The International Whaling Commission of Japan has withdrawn the prohibition of commercial whaling and approved the whaling after three decades.
Celebrating with a ceremony, five vessels sailed on Monday to hunt the whales from the northern Japan’s Kushiro Country left port with their horns blaring and grey tarps thrown over their harpoons. Another three whaling boats left Shimonoseki in southwestern Japan.
Japan’s decision to withdraw from the IWC was slammed by activists and anti-whaling countries, but whaling officials were in celebratory mood.
“My heart is overflowing with happiness, and I’m deeply moved,” said head of the Japan Small-Type Whaling Association, Yoshifumi Kai.
Japan has withdrawn prohibition of the commercial whaling with six months notice period which took effect on Sunday.
The Fisheries Agency said the catch quota through to the end of this year is set at 227 whales, fewer than the 333 that Japan hunted in the Antarctic in recent years. The quota includes 52 minke, 150 Bryde’s and 25 sei whales.

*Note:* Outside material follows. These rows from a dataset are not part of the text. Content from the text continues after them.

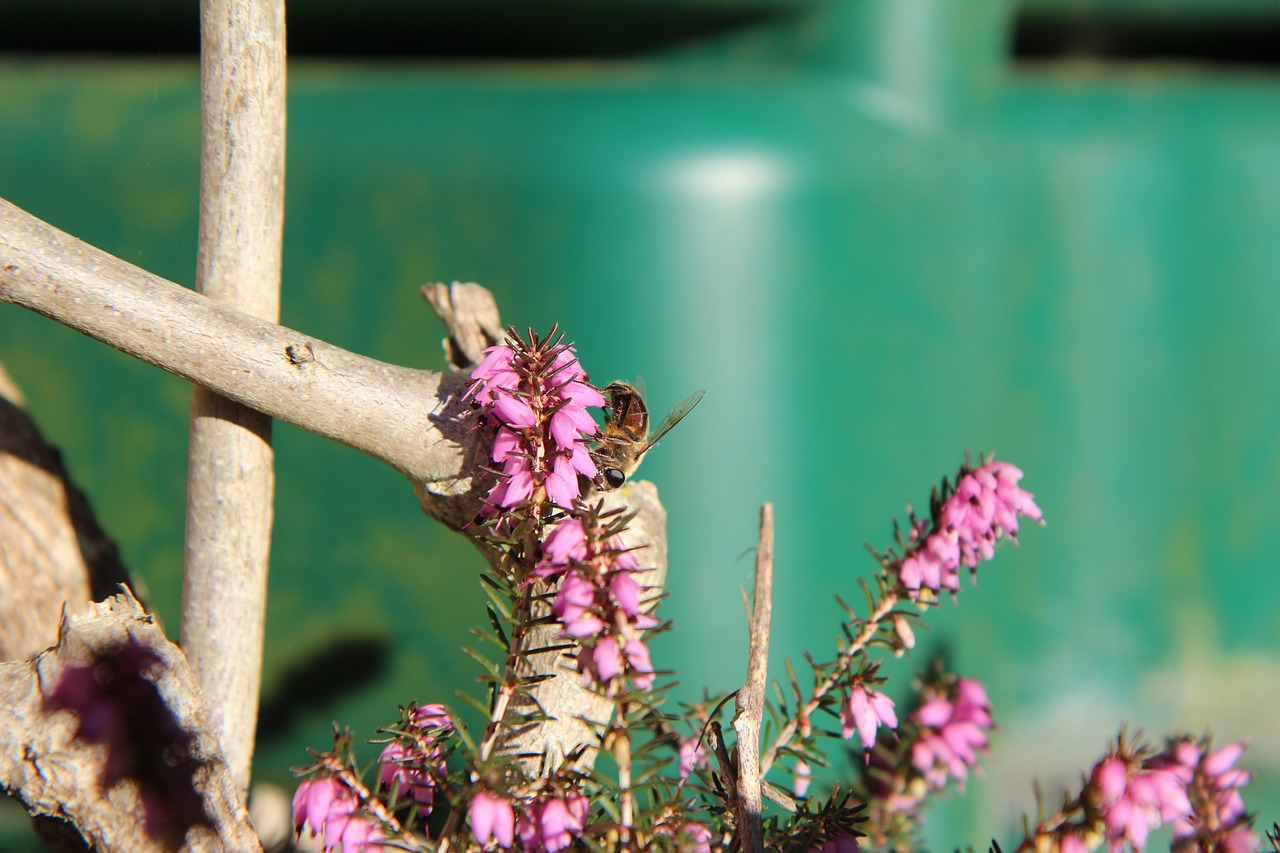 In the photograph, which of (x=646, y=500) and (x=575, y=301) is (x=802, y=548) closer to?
(x=575, y=301)

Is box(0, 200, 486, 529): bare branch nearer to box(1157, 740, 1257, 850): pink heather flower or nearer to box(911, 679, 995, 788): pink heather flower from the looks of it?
box(911, 679, 995, 788): pink heather flower

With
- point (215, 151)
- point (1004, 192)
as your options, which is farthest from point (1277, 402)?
point (215, 151)

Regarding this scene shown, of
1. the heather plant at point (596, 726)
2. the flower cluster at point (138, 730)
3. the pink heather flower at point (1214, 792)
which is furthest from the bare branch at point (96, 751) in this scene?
the pink heather flower at point (1214, 792)

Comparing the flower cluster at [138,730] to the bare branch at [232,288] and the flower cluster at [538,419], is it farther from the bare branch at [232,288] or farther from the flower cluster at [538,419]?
the flower cluster at [538,419]

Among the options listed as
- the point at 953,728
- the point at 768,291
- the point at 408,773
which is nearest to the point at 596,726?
the point at 408,773

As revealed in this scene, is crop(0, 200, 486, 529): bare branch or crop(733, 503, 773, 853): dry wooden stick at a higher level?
crop(0, 200, 486, 529): bare branch

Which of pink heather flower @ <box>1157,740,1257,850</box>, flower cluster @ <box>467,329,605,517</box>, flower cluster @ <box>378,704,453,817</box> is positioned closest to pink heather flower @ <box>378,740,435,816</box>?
flower cluster @ <box>378,704,453,817</box> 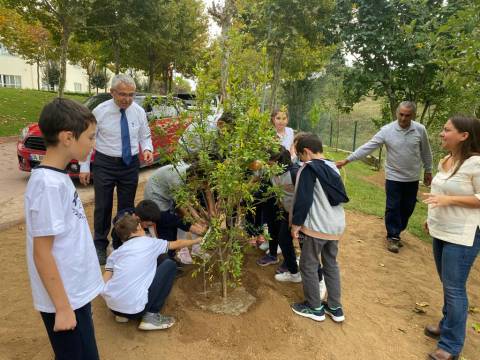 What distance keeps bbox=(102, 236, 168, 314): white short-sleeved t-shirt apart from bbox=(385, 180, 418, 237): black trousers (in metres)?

Whaling boats embarked Monday on their first commercial hunts since 1988, when Japan switched to so-called research whaling, but will stay within the country’s exclusive economic waters.
“This is a small industry, but I am proud of hunting whales. People have hunted whales for more than 400 years in my home town,” said a senior fisheries official in Taiji, Kai.
Whale meat was an lower priced supply of protein at some point of the lean instances after World War II, with consumption peaking at 223,000 lots in 1962. But whale was fast replaced by way of different meats. Whale meat intake become down to 6,000 tons in 1986, a 12 months earlier than the economic whaling moratorium imposed through the IWC.
With its withdrawal from the IWC, Tokyo will now carry out high-seas whale hunting off Japan, but will end the most controversial hunts in the Antarctic.